The last man I dated for the whopping two weeks ended things with me because our personalities were too "Different" (um, yea, he went days without talking to me...his excuse was that he didn't think it was that important). I was introduced to him by his sister.
I try not to come off as desperate at all either- I have my own business, travel a lot, work out, etc., so I'm not so wrapped up in relationships or obtaining one. I am just not sure where to go,what to do, how to meet new people. It seems impossible in this big city and at this point I just want to throw in the towel!
Any advice on the Boston dating scene and how a 26-year old female can succeed here? Age: 26 City: Boston State: MA
I walk dogs here in NYC. It's a fun part-time gig because, dogs and extra money. And dogs. Anyhoo, I'm a Wag Walker, so all the walks I get come in through the Wag app. The process is similar to Tinder and Hinge in that I set my preferred parameters then wait for owners to request walks. The requests go out to all walkers within a certain distance. Walkers request the dog walk, then we wait. Sometimes I get accepted aka a match. Some times I don't. Many other times, though, I see a possible walk and think, "But what if a dog that lives closer wants a walk? What if, by 1pm, I don't feel like walking a dog? What if I get a request from one of my preferred pups?" The analysis paralysis takes over and - usually - I pass on a walk or cancel one I have scheduled for later in the day. Fear Of Missing Out takes over. That usually leads to me not getting any walks at all, or only one or two. There's nothing ostensibly wrong with the dogs. I just can't pull the trigger because, what if?

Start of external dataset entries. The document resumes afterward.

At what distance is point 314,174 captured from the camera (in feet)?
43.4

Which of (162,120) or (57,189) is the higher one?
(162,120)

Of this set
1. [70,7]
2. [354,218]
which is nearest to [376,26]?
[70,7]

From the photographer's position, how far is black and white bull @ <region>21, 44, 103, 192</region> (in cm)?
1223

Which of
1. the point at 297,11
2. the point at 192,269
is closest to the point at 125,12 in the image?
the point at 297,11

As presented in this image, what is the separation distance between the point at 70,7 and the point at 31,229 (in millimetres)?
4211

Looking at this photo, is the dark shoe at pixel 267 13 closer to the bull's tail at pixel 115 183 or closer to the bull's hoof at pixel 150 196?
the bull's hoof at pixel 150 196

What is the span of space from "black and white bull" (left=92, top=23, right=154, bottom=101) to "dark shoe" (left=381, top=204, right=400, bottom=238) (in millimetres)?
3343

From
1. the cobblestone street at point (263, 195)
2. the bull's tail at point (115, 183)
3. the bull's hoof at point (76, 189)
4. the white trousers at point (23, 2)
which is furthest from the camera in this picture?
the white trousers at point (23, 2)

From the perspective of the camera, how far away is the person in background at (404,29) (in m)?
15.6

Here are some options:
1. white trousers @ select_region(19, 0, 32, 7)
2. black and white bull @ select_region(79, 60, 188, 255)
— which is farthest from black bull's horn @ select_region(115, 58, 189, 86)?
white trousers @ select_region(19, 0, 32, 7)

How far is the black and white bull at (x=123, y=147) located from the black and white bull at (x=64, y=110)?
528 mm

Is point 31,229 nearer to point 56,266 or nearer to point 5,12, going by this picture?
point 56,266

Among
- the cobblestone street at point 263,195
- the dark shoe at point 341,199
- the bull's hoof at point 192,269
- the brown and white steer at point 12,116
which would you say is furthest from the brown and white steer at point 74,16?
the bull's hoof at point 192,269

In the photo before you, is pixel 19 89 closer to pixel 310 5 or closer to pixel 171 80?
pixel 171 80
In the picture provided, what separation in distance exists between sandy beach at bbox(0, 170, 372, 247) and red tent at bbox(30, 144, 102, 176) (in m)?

I'm sure you see where this is going. Whether it's dating in NYC or dating in Boston or dating in any major metropolitan city, you're going to encounter people like this. Dating in a large city means that there's a significant amount of options for any one single person. That's when FOMO - Fear Of Missing Out - kicks in.
The problem here isn't you, it's that dating apps have convinced people that there's always someone better just a swipe away. Those bros you meat who don't know what they want? More than likely, they're telling the truth. They're living in a big city surrounded by attractive, educated, accomplished women. What if that super-hot blonde they swiped on yesterday ends up being a match? What if that date they have planned for later in the week is The One? Oh my God, what if they end up marrying the wrong person and wake up one day at fifty and they're miserable???!!!!

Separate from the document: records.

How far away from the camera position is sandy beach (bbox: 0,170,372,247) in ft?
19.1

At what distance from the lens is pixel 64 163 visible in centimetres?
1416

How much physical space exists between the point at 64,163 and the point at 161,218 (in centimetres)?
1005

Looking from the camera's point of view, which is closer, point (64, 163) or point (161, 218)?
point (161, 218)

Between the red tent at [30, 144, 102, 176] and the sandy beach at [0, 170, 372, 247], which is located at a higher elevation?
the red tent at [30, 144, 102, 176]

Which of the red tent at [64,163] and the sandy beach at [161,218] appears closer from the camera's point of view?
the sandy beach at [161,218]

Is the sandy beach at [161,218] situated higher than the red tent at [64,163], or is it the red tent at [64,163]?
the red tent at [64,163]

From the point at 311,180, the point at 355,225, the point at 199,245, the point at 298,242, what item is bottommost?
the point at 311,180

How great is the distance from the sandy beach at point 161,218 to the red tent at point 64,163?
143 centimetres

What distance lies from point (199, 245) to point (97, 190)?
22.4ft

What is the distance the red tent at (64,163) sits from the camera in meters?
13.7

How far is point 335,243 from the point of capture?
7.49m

This is why these men keep their schedules clear: What. If?
I don't doubt that you come off secure and independent. I'll say it again: I don't think you're the problem here. The challenge presented is that you're meeting ambivalent wishy-washy people., of which there are too many on dating apps. So how can you weed these guys out? I'm not sure you can. Not completely, at least. What you can do is include very clear depiction of what you're looking for in your bio. Don't write a disclaimer about no hook-ups or flakes, as that will only make things worse for you. Instead, say something like:
"Not in the market for joint bank accounts and co-habitation just yet, but that's my end game. If you're ready for the real deal, swipe right."

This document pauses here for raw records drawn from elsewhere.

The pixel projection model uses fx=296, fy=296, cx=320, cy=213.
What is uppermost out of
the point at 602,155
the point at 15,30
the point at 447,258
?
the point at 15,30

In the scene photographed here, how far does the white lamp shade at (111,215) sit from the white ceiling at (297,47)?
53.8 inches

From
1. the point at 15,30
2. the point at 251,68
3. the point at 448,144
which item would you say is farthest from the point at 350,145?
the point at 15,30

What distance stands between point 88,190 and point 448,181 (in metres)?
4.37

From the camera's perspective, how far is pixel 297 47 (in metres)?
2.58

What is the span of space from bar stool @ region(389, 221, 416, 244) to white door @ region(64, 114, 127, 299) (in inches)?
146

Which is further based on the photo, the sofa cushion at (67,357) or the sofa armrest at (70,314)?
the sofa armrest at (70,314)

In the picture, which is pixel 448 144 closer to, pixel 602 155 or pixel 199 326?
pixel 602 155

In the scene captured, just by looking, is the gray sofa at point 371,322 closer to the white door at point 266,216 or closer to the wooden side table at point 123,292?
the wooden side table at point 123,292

Men just looking to casually date or hook-up might still contact you, but the guys stuck in a holding pattern will likely panic and swipe left. It's okay to be upfront about what you're looking for. If it scares guys off, good! You don't want them anyway. The reality is, encountering the flakes and faders is par for the course in 2019. There's no way to avoid it completely. You can present yourself in a way that makes you sound approachable and available as well as entirely unwilling to deal with some man-child's nonsense.